Part V developed the machinery a single processor uses to execute many instructions concurrently: pipelining, superscalar issue, out-of-order scheduling, register renaming, branch prediction, memory disambiguation. All of those techniques exploit the same underlying resource: instruction-level parallelism (ILP), the parallelism that exists within a single sequential instruction stream among instructions that happen not to depend on one another.

ILP is what makes a wide deep modern processor faster than a narrow shallow one running the same program. The program is sequential as written; the hardware finds independence inside it and runs the independent pieces in parallel. The amount of ILP a program offers, and how much of it the hardware can extract, sets the upper bound on single-thread performance.

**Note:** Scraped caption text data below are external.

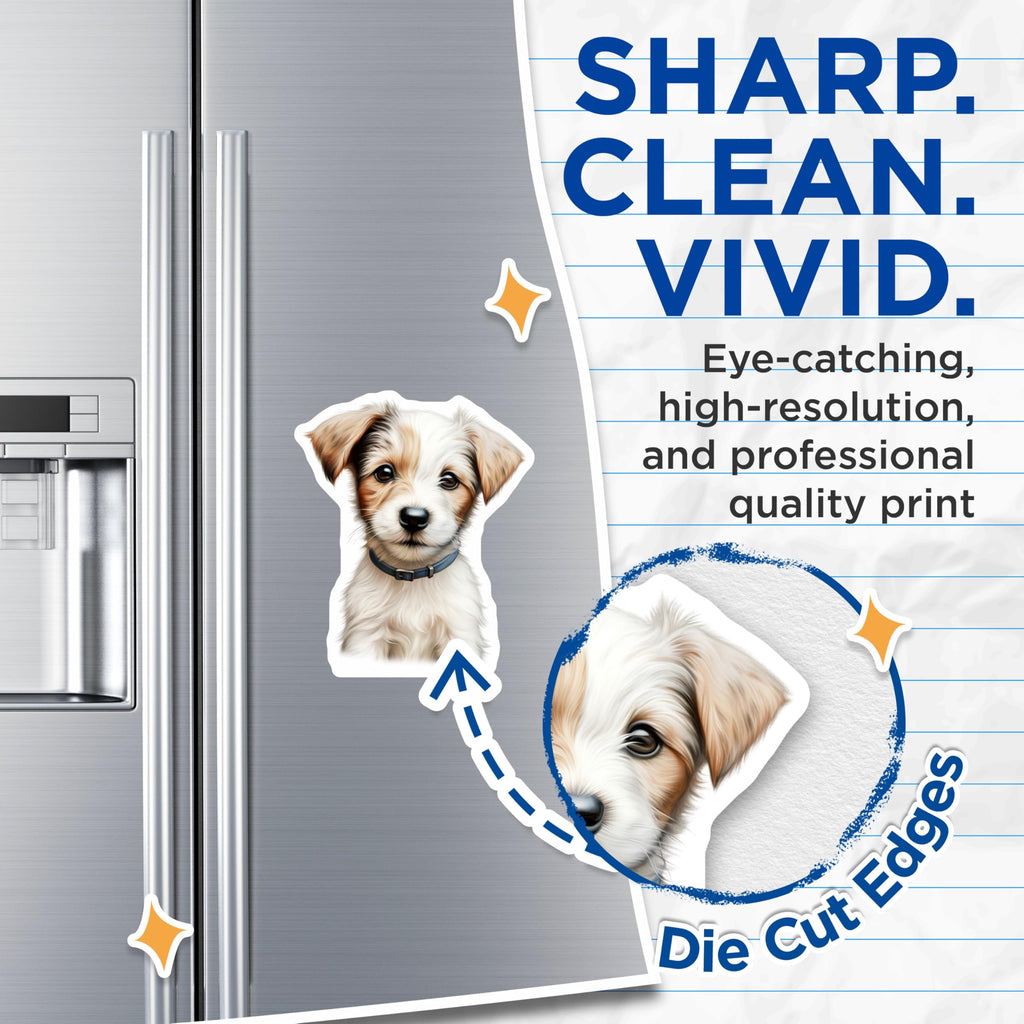(2 Pack) Adorable Puppy Magnets - Fluffy Dog Fridge Magnets - Cute Animal Lover Decor Accents - 5 Inches On Longest Side - Thick Durable Magnet - Made in USA - MAG24394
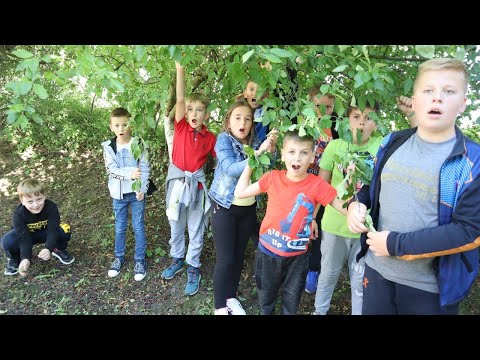 Video: Predstavlja Li Ponašanje Potrošača Prema Obući Za Ozljede Donjih Ekstremiteta Kod Trkača I šetača? Prospektivna Studija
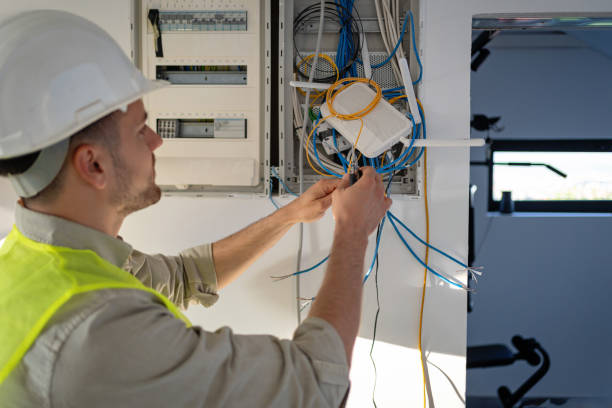 Best Local Electrician Companies  in Dudley, NC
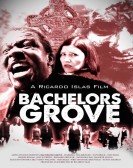 Bachelors Grove poster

This chapter steps back from the implementation techniques of Part V and asks the broader questions. What is ILP, exactly? How is it limited? How much is there in real programs? What do compilers do to expose it? What are the techniques — beyond out-of-order execution — that have been tried? And why has single-thread performance roughly stagnated in recent years even as transistor counts have continued to grow?

01.What ILP Is

ILP is the property of a sequential program that lets some of its instructions execute concurrently without violating any dependencies. The instructions are written one after another, but their dependencies form a graph, not a linear chain. Instructions that lie on independent branches of the graph can execute in any order, including simultaneously.

A simple example:

int a = x + y;     // (1)
int b = z - w;     // (2)
int c = a * b;     // (3)

Instructions 1 and 2 have no dependence on each other; they can execute in parallel. Instruction 3 depends on both. The dependence graph is:

Figure: Dependence graph for three instructions: nodes 1 and 2 are independent, and node 3 depends on both, so it cannot issue until both have produced their results

LaTeX

\begin{tikzpicture}[font=\small, >=Stealth, line cap=round]
  \draw[thick, fill=white] (0, 0) circle (0.45); \node at (0, 0) {(1)};
  \draw[thick, fill=white] (0, -2) circle (0.45); \node at (0, -2) {(2)};
  \draw[thick, fill=white] (3, -1) circle (0.45); \node at (3, -1) {(3)};
  \draw[->] (0.4, -0.1) -- (2.6, -0.9);
  \draw[->] (0.4, -1.9) -- (2.6, -1.1);

The graph has three instructions but only two levels of depth: 1 and 2 at the first level, 3 at the second. A processor with two ALUs could run 1 and 2 in one cycle and 3 in the next, finishing in two cycles instead of three. The ILP available to extract here is 1.5 (three instructions over two cycles).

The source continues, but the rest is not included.